** Opening Study material block **

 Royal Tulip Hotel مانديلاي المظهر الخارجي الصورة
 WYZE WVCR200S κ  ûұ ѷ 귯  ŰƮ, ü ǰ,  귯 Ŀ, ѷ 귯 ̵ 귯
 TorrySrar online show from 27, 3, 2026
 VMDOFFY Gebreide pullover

** Closing Study material block **
** Opening Study material block **

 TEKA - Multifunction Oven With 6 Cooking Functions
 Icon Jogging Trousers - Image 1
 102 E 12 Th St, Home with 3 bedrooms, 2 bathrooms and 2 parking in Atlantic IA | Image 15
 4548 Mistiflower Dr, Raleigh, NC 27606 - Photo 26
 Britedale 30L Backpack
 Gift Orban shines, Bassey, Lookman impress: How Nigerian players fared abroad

** Closing Study material block **
** Opening Study material block **

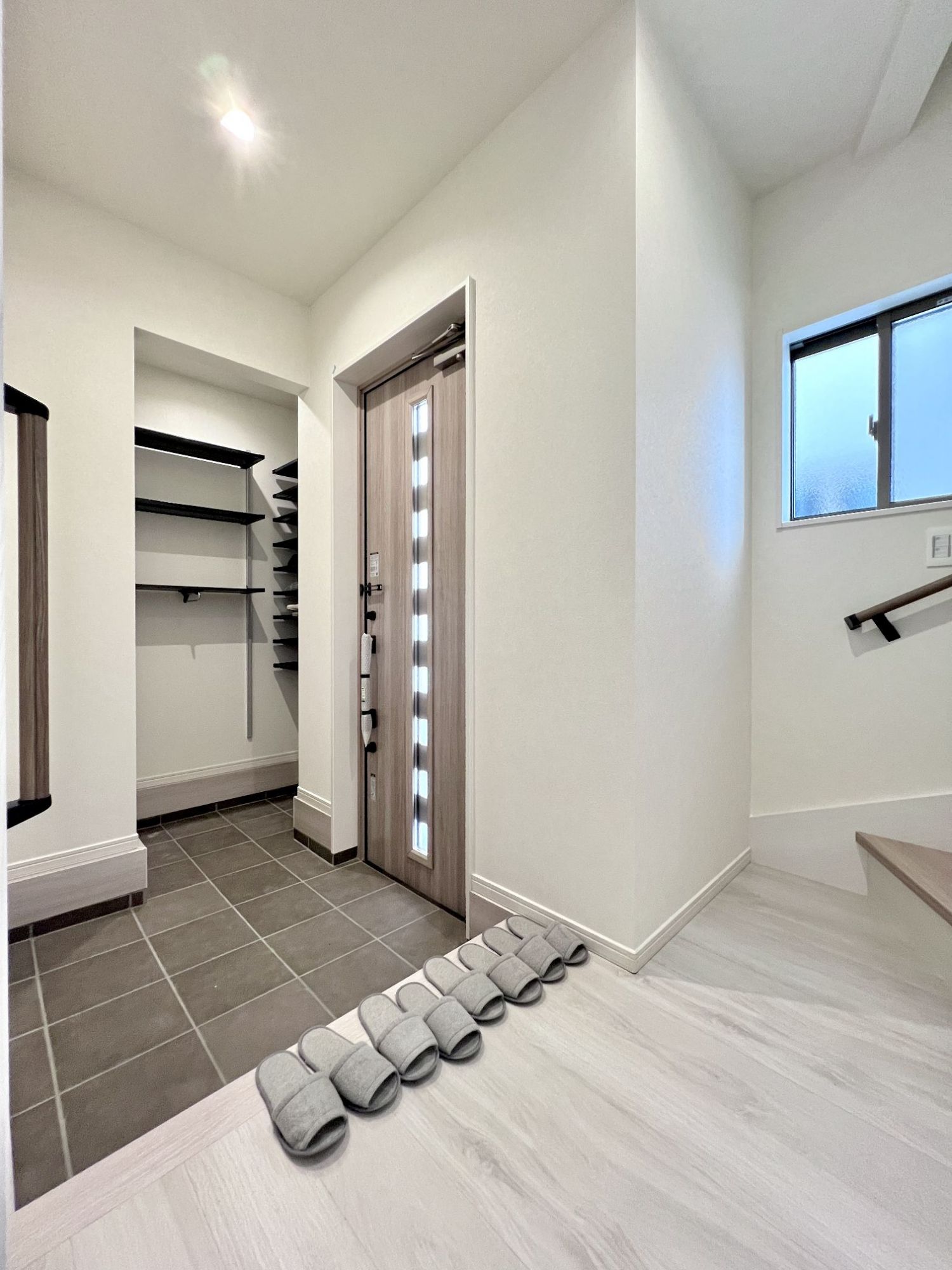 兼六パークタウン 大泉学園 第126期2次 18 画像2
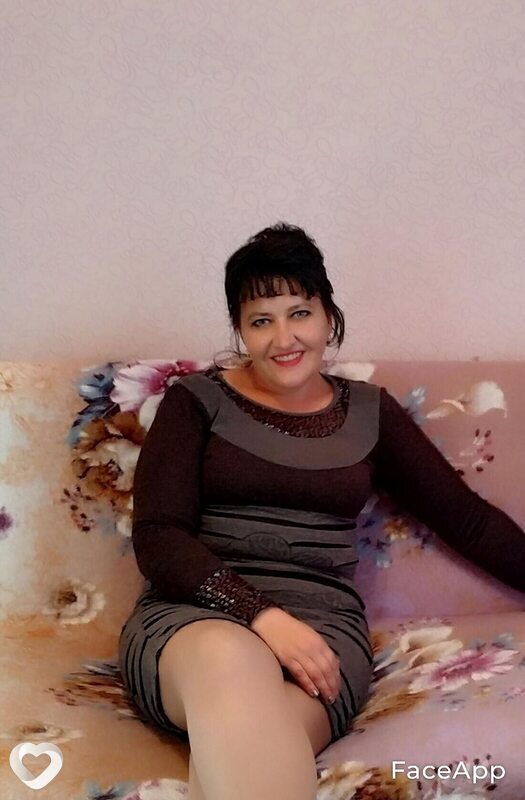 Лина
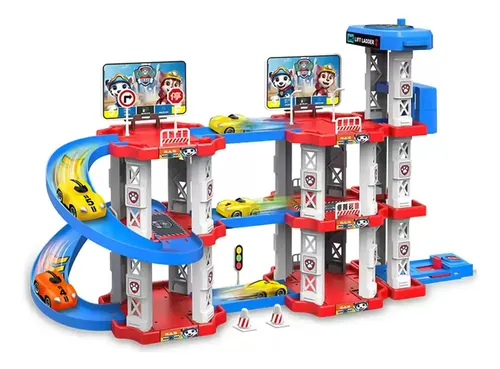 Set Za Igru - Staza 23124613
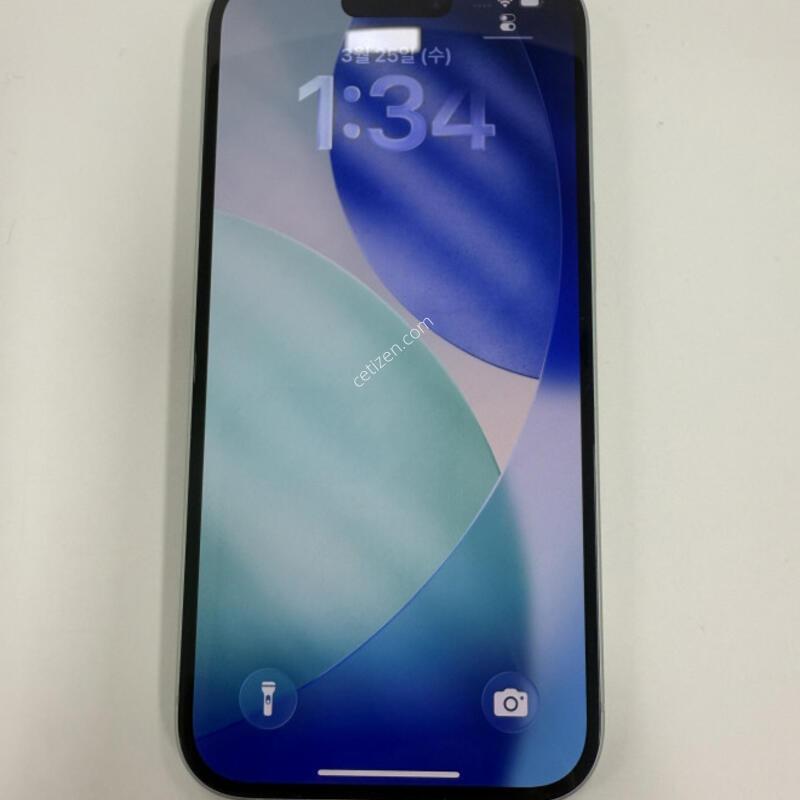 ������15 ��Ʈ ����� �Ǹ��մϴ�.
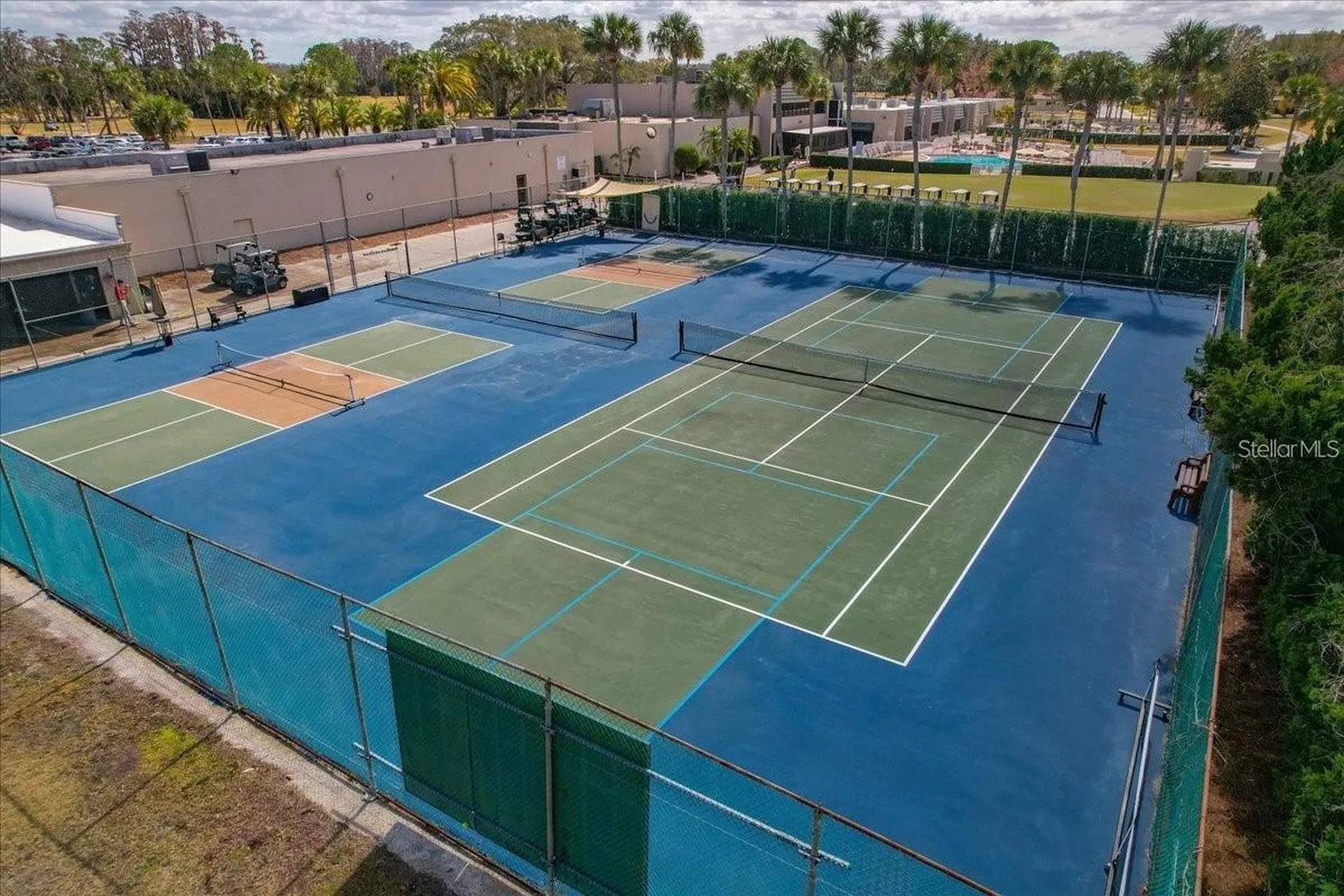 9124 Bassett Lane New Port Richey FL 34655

** Closing Study material block **

**Work instructions**
As the answer, set down only the lines from the data above between the one holding "4548 Mistiflower Dr, Raleigh, NC" and the one holding "Gift Orban shines, Bassey, Lookman", inclusive, exactly as they read.

**Reply**
 4548 Mistiflower Dr, Raleigh, NC 27606 - Photo 26
 Britedale 30L Backpack
 Gift Orban shines, Bassey, Lookman impress: How Nigerian players fared abroad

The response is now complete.